Mitigation is defined as the action of reducing the severity or seriousness of something. Risk is measured, mitigated, and monitored. When it comes to banking, risk is mitigated in several ways, including using controls and clear communication. Here are some methods financial institutions use for mitigating risk.
Cultivate a Risk Management Culture: In mitigation, it is important to make all your employees aware of your policies on how to deal with risks. Not only should they be made aware of policies during the hiring process, but they should also be reminded of these policies during their employment.
To this end, it is best to hold regular training sessions. If the financial institution introduces new technology, training may be necessary to ensure that employees know how to use it without creating more risk. Outside vendors from companies providing the technology may be brought in for these purposes.
Prevent Risks: Risks for financial institutions include third-party risk, cyber risk, reputational risk, operational risk, strategic risk, and compliance risk.
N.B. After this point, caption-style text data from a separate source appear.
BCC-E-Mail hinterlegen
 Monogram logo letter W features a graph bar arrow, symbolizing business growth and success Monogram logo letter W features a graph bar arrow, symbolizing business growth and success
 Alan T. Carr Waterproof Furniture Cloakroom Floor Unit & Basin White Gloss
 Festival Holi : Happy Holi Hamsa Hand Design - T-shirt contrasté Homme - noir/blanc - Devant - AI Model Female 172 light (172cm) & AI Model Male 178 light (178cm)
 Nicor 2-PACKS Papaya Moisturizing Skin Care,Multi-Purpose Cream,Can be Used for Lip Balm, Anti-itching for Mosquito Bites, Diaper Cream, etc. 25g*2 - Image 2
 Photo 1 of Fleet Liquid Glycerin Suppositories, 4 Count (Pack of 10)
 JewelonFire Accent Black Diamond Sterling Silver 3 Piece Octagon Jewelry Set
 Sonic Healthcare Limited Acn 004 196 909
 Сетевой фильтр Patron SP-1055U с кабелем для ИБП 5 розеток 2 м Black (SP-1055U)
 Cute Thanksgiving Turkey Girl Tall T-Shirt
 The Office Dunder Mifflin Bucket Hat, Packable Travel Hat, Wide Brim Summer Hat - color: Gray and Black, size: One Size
It’s crucial to prevent risk whenever possible. Having the right procedures in place can make the difference between security and vulnerability.
Make Sure Events Caused by Risks are Dealt with Quickly: In case an event that substantiates a risk occurs, make sure it can be dealt with quickly. Establish an effective protocol for employees to report and deal with risks. All employees need to be trained to take specified actions as soon as this event occurs and notify relevant departments immediately.
Financial institutions are vulnerable to financial risks, legal liabilities, IT security threats and data loss. With effective risk management planning, employees are aware that events that substantiate risks can occur. They know what to do to mitigate the risk without delay. They need to be alert to these risks so they notice them as soon as they arise and take the proper actions to reduce or eliminate the risk.
Risks are all too present in the banking industry. A bank may not be able to avoid all risk, but what they can do is reduce the severity and seriousness of the risks to help protect both the institution and its employees.